Yes, we are all keenly aware that there’s a small band of loosely connected thugs (al Qaeda), which poses a threat — on some level — to American security.  But don’t even try and muddy that threat with Adolph Hitler imagery — a dictator of an industrial nation that had one of the most powerful militaries in the world; one who bombed and invaded country after country, committing genocide against Jews and other innocents, and who ultimately left over 65 million dead in his wake.  It’s a disingenuous comparison.  The world faces no equivalent threat to Nazi Germany, and this kind of demagoguery has been used far too often — as of late — by disingenuous leaders seeking to justify unnecessary wars.

World War II was a necessary war, but Iraq was not — something he acknowledged, if only by its omission from his speech.  But a continued military escalation in Afghanistan is also unnecessary.  The tragic consequences of neo-con warmongering has all but ensured that exaggerated threats leveled as a run-up to military escalation is only going to fall on deaf ears, and his doing so only undermines America’s ‘new and improved’ image abroad.

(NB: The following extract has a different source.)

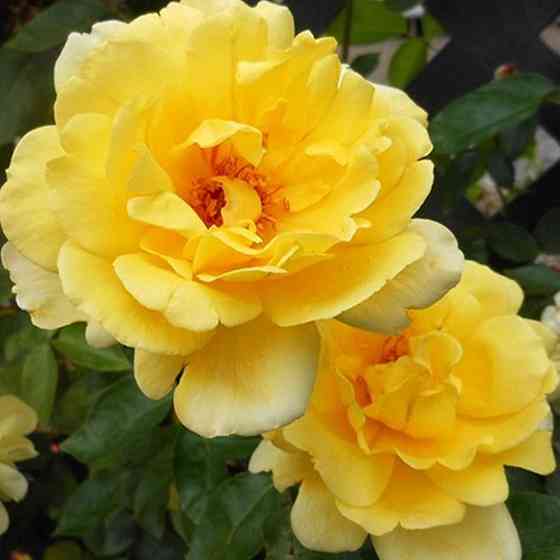 Саженцы роз на штамбе Голден Шауэрс (привитый) Черновцы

2. Obama’s speech then pivoted to a more idealistic discussion on world responsibility — one where all countries are subjected to the same standards:

To begin with, I believe that all nations — strong and weak alike — must adhere to standards that govern the use of force. I — like any head of state — reserve the right to act unilaterally if necessary to defend my nation. Nevertheless, I am convinced that adhering to standards, international standards, strengthens those who do, and isolates and weakens those who don’t. […]

Furthermore, America — in fact, no nation — can insist that others follow the rules of the road if we refuse to follow them ourselves. For when we don’t, our actions appear arbitrary and undercut the legitimacy of future interventions, no matter how justified. […]

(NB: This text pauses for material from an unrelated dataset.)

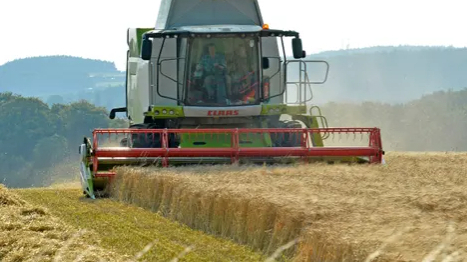 Using far less chemical fertiliser still produces high crop yields, study finds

Where force is necessary, we have a moral and strategic interest in binding ourselves to certain rules of conduct. And even as we confront a vicious adversary that abides by no rules, I believe the United States of America must remain a standard bearer in the conduct of war. That is what makes us different from those whom we fight. That is a source of our strength. That is why I prohibited torture. That is why I ordered the prison at Guantanamo Bay closed. And that is why I have reaffirmed America’s commitment to abide by the Geneva Conventions. We lose ourselves when we compromise the very ideals that we fight to defend. (Applause.) And we honor — we honor those ideals by upholding them not when it’s easy, but when it is hard. […]

Those who claim to respect international law cannot avert their eyes when those laws are flouted.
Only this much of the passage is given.